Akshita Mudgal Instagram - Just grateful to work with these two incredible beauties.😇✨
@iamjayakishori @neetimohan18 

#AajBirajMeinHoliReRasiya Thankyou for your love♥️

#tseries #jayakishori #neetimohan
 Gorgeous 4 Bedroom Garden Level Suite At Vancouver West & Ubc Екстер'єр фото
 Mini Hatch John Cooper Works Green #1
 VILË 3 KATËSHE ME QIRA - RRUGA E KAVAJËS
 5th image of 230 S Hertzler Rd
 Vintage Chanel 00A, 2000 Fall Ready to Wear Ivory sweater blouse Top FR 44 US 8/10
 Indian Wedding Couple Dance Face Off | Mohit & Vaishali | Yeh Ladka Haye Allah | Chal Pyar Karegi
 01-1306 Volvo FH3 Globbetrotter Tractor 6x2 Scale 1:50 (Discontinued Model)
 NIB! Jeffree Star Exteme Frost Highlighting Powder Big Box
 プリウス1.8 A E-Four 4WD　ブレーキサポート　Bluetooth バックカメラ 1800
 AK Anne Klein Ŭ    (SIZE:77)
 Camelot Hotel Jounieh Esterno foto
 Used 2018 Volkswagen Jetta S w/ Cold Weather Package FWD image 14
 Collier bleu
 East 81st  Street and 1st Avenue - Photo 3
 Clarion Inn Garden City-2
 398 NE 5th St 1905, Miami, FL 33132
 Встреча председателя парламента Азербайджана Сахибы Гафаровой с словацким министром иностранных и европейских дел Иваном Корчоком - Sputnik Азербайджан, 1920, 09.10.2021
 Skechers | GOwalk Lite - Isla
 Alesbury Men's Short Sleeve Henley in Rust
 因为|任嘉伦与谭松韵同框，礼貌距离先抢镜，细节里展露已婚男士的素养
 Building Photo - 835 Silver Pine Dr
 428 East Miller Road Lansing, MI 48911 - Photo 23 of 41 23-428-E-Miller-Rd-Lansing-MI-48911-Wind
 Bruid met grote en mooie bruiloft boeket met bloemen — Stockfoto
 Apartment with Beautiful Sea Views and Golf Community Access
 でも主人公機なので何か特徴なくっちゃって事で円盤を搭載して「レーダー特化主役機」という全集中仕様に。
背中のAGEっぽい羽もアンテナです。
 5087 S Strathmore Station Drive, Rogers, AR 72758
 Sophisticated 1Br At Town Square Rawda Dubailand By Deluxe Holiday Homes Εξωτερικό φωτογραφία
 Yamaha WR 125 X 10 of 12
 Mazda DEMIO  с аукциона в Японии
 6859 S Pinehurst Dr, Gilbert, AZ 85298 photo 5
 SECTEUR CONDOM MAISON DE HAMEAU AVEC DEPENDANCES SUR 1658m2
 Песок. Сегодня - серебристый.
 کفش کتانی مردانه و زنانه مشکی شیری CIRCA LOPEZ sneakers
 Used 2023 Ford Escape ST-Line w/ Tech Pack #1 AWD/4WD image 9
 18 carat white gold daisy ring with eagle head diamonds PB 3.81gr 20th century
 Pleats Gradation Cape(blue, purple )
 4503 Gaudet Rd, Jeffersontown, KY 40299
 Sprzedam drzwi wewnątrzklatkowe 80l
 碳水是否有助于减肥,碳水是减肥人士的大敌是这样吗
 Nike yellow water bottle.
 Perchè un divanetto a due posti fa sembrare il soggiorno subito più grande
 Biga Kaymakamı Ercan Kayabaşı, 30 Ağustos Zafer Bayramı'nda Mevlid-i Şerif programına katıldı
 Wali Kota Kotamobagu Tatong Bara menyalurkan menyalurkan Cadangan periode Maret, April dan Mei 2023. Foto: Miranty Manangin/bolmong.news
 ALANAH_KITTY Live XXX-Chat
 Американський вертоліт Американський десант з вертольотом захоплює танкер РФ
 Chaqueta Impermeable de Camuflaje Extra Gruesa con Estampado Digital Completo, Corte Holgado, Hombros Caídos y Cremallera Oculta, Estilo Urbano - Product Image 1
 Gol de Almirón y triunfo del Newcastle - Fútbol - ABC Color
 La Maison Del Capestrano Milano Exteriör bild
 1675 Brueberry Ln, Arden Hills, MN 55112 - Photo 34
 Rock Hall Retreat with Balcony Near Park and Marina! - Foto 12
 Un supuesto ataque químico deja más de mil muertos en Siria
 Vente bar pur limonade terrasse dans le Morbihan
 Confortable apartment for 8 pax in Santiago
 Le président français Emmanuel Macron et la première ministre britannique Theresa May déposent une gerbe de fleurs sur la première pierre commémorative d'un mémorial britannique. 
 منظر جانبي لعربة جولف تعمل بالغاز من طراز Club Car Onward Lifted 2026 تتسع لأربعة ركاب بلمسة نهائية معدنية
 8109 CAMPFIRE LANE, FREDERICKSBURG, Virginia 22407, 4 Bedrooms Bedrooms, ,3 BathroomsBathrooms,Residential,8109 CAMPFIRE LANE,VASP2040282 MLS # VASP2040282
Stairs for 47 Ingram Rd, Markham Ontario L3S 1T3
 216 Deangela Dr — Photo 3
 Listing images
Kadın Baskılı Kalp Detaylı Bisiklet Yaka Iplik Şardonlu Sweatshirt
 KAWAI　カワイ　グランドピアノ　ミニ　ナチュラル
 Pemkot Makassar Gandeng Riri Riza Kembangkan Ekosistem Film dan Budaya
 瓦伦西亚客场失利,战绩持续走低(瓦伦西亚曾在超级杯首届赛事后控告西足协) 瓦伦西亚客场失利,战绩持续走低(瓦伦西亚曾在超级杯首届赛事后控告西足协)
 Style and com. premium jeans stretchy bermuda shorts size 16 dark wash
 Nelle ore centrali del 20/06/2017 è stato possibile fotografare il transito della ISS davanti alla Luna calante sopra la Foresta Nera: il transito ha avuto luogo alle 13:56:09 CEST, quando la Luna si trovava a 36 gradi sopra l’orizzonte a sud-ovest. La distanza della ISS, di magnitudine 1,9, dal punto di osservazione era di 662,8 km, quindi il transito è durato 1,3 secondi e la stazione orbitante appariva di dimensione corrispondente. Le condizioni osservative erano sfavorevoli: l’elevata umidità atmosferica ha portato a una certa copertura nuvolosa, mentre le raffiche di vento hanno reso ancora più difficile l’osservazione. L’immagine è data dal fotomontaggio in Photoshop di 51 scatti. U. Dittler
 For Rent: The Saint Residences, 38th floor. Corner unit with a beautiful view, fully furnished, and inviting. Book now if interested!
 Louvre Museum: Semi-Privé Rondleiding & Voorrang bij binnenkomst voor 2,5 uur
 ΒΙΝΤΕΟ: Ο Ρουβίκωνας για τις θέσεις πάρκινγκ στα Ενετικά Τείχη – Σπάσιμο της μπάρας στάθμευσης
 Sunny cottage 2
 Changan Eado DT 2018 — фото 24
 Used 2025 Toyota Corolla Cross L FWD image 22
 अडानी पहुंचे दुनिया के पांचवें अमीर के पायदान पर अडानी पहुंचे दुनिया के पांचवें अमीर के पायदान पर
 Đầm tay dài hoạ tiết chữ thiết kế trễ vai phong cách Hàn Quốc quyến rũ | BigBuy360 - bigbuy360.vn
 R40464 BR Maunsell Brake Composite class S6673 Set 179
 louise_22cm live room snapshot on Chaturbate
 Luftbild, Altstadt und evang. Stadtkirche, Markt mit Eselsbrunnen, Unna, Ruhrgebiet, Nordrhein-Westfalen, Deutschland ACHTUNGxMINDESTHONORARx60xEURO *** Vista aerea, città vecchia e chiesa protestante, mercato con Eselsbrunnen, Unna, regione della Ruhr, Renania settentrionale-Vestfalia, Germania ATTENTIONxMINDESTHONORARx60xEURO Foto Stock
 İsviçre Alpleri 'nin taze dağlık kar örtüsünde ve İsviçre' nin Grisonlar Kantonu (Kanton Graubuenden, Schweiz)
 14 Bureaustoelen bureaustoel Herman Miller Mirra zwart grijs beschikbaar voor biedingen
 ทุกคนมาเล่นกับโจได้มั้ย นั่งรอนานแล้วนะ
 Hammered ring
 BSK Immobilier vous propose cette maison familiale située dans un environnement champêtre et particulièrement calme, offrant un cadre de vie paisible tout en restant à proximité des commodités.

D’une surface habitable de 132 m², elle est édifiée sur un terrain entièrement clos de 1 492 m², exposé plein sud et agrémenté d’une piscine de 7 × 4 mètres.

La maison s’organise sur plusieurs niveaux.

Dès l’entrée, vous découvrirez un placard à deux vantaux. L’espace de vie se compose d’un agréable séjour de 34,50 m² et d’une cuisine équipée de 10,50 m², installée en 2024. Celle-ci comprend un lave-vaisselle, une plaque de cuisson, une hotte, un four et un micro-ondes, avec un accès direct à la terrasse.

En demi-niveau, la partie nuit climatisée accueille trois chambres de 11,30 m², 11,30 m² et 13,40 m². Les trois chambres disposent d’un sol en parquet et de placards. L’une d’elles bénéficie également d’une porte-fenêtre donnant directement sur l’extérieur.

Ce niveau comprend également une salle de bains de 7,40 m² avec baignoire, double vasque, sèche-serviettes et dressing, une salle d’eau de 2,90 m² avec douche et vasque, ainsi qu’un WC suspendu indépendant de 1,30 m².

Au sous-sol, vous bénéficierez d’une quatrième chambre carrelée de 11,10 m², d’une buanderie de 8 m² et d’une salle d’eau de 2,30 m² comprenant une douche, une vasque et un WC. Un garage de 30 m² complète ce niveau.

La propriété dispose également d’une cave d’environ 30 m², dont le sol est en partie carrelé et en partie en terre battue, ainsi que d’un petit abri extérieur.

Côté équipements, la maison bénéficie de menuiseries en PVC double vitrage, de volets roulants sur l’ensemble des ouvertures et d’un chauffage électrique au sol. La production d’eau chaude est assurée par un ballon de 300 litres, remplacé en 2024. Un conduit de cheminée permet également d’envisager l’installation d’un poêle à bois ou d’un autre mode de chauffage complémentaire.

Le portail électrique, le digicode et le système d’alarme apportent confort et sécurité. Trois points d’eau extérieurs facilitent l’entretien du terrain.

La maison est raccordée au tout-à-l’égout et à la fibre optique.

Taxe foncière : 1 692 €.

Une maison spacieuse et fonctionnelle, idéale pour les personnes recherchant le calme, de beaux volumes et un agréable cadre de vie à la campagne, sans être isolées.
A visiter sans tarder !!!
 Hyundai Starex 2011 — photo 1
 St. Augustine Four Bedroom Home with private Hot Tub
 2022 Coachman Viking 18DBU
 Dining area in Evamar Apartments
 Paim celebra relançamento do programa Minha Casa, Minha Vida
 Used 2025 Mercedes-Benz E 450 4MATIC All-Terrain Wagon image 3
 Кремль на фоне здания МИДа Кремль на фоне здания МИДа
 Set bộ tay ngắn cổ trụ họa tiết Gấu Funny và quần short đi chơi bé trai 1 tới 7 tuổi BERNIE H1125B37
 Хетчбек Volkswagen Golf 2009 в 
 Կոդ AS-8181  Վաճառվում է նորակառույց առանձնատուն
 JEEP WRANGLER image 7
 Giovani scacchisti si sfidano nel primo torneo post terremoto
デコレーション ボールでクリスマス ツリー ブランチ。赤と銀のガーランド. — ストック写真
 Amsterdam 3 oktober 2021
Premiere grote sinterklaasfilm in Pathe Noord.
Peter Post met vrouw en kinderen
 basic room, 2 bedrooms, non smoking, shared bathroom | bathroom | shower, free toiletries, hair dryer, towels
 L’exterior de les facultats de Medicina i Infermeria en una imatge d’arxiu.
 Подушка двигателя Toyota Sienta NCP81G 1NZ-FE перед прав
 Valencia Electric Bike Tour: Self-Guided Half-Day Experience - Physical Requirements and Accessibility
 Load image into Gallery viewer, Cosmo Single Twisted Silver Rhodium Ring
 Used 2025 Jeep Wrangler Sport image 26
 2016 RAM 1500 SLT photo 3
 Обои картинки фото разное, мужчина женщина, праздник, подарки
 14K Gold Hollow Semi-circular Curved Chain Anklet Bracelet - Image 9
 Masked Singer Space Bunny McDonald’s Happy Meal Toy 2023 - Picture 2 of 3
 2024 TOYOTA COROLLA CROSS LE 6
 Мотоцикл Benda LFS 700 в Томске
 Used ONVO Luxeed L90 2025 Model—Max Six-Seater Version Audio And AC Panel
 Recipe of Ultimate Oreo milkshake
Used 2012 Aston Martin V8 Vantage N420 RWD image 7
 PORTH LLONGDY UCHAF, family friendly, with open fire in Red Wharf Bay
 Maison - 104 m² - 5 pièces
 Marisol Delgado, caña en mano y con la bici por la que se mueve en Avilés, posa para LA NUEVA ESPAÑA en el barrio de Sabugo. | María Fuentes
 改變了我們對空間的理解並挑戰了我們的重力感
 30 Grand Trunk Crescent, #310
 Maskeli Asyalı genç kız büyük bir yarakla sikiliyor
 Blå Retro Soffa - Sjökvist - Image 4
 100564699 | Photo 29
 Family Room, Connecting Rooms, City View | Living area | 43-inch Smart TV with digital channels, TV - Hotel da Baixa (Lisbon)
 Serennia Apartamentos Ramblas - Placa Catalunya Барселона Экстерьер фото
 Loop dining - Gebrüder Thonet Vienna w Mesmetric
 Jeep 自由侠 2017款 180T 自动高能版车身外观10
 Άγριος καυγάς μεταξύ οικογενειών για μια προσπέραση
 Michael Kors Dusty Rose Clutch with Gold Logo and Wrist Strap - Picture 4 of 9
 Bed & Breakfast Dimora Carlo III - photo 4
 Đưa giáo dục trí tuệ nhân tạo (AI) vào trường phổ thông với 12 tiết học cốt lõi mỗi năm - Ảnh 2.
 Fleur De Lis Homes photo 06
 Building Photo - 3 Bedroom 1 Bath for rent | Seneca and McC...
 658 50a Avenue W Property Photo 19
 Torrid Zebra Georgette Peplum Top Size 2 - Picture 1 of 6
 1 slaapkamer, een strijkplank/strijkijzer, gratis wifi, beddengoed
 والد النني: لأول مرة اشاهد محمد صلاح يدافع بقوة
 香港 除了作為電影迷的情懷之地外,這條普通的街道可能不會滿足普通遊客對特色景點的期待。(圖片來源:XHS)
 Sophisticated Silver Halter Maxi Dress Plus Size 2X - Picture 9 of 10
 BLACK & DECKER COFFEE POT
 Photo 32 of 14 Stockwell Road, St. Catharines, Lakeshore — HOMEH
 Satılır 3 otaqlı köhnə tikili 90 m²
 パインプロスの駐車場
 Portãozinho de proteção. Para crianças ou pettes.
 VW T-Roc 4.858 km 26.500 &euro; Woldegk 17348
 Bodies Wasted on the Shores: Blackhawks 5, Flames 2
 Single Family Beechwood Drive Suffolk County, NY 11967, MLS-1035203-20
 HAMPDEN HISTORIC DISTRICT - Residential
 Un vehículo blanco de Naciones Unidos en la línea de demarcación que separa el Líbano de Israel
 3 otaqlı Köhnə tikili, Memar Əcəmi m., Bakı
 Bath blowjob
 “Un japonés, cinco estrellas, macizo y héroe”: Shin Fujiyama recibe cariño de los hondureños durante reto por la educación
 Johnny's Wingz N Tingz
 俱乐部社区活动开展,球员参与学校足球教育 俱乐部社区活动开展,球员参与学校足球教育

§

PROBLEM DETAILS: All lines of the listing that contain the word "Semi" should be copied out.

OUTPUT OF THE TASK:
 Louvre Museum: Semi-Privé Rondleiding & Voorrang bij binnenkomst voor 2,5 uur
 14K Gold Hollow Semi-circular Curved Chain Anklet Bracelet - Image 9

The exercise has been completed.